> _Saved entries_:
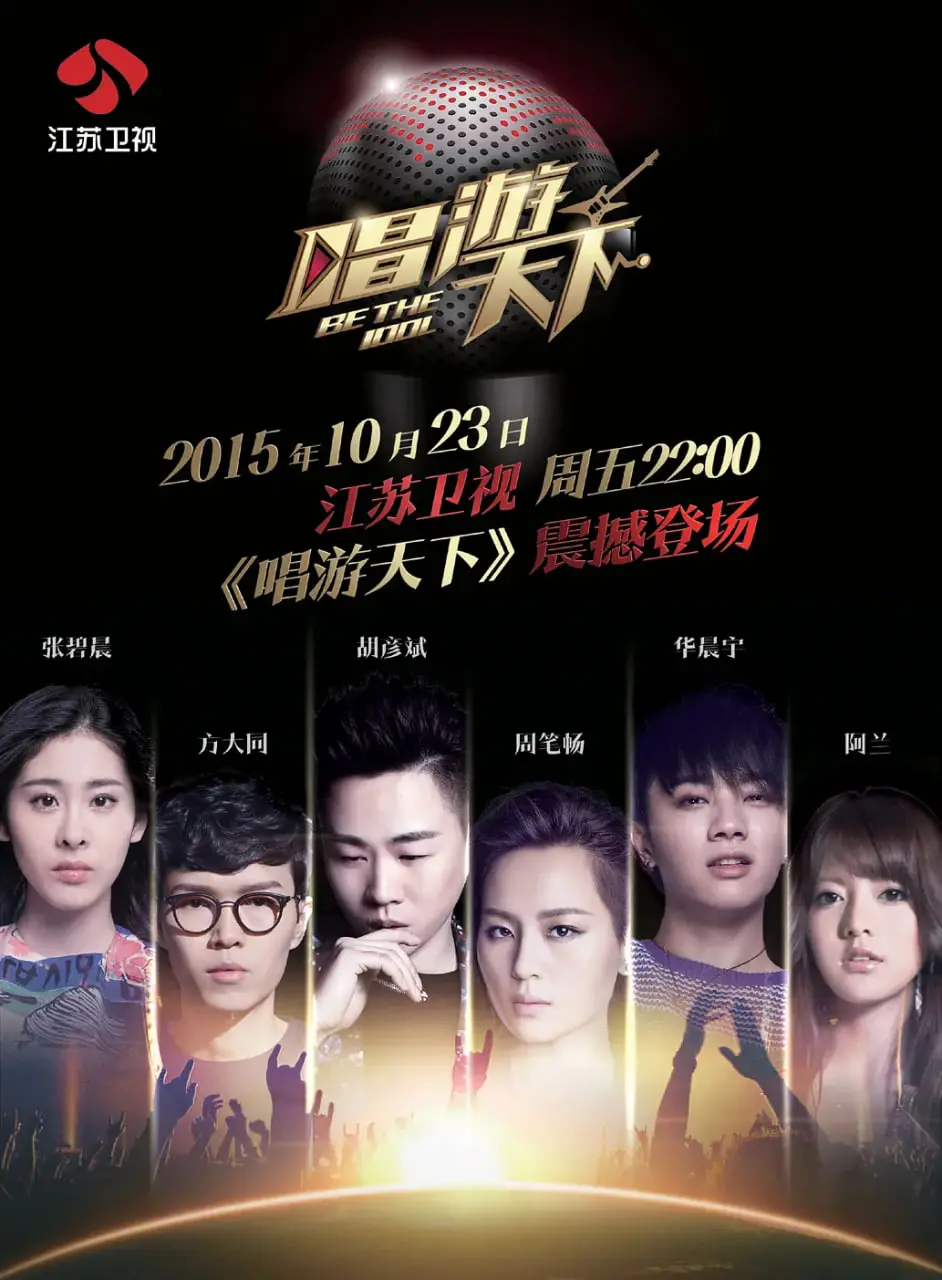 《唱游天下3》：音乐之旅再启程！用歌声点亮世界，寻找最真实的自我！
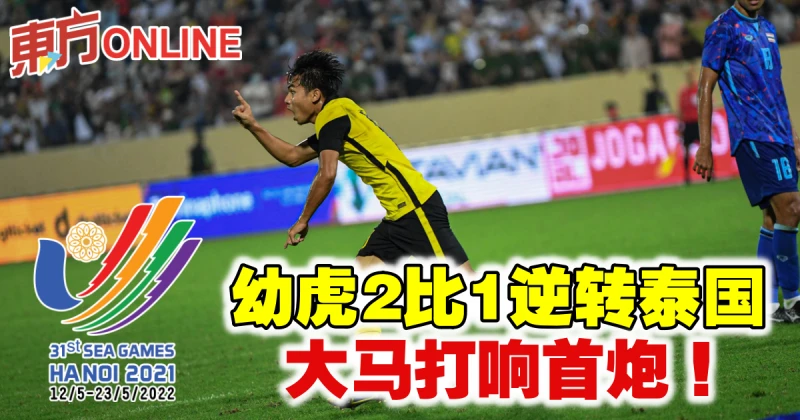 【河內東運會】幼虎2比1逆轉泰國　大馬打響首炮！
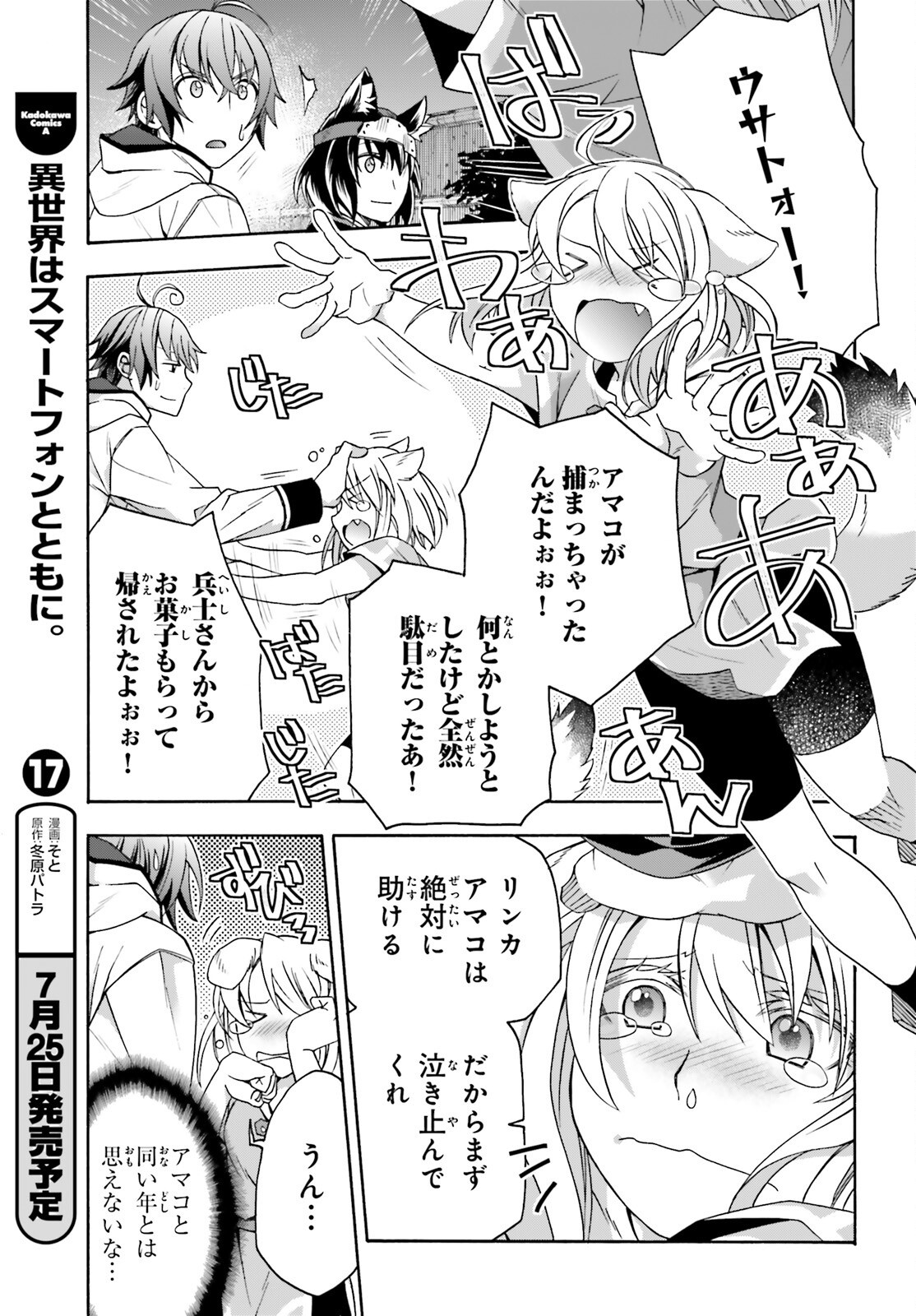治癒魔法の間違った使い方 戦場を駆ける回復要員 Chap 81 - Next Chap 82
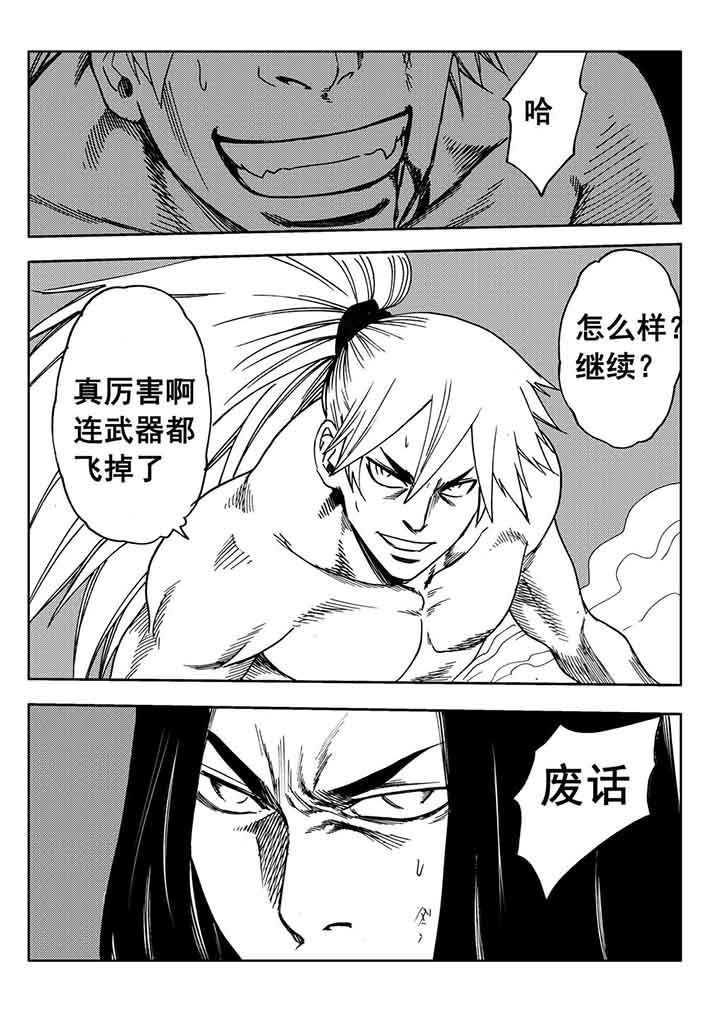 第91章：29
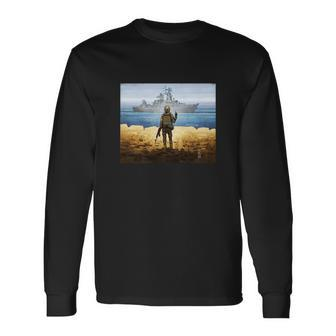 Go F Yourself Postage Stamp Tshirt Long Sleeve T-Shirt - Monsterry
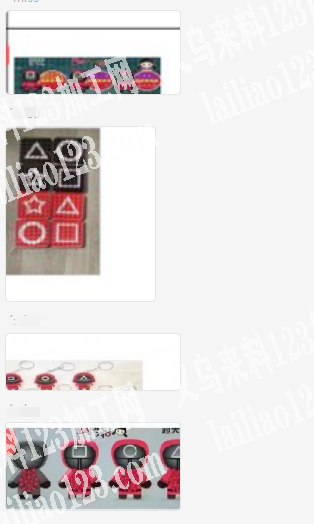寻找如图鱿鱼游戏系列的产品，找厂家，有货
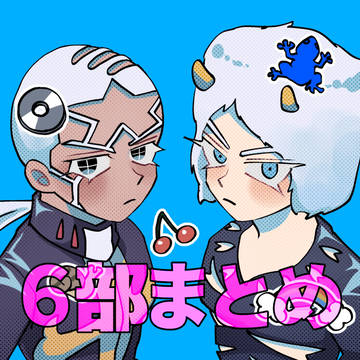 6部まとめ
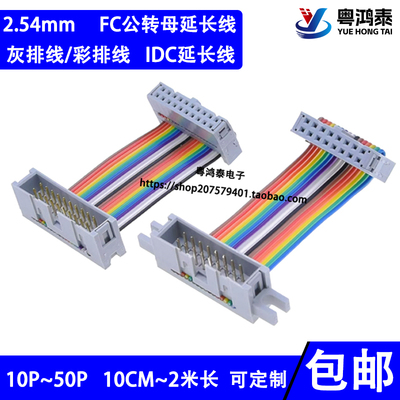 FC公母延长 IDC灰/彩排线 DC3牛角转2.54mmFC插头连接数据下载线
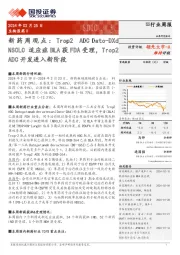 新药周观点：Trop2 ADC Dato-DXd NSCLC适应症BLA获FDA受理，Trop2 ADC开发进入新阶段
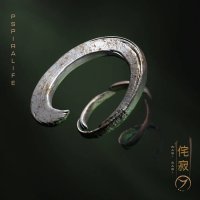 Pspiralife - Wabi Sabi (2016) / Psygressive, Organic, Psytech, Dark Progressive, Cinematic, Psytrance, Sci-Fi, Australia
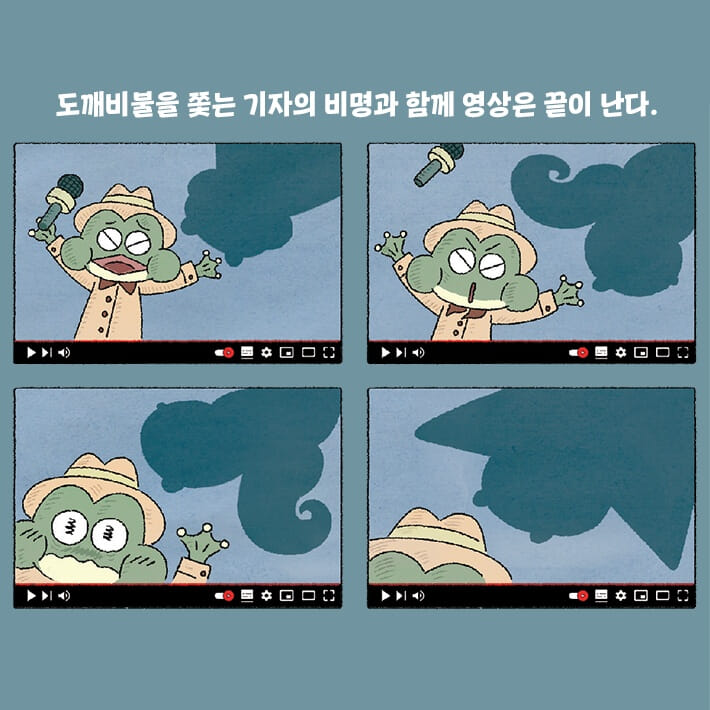 카드뉴스5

> _PROMPT_:
Beginning at the line that contains "Go F Yourself", transcribe it and every later line through the last line of the data above, exactly, and drop the pictures.

> _SOLUTION_:
 Go F Yourself Postage Stamp Tshirt Long Sleeve T-Shirt - Monsterry
寻找如图鱿鱼游戏系列的产品，找厂家，有货
 6部まとめ
 FC公母延长 IDC灰/彩排线 DC3牛角转2.54mmFC插头连接数据下载线
 新药周观点：Trop2 ADC Dato-DXd NSCLC适应症BLA获FDA受理，Trop2 ADC开发进入新阶段
 Pspiralife - Wabi Sabi (2016) / Psygressive, Organic, Psytech, Dark Progressive, Cinematic, Psytrance, Sci-Fi, Australia
 카드뉴스5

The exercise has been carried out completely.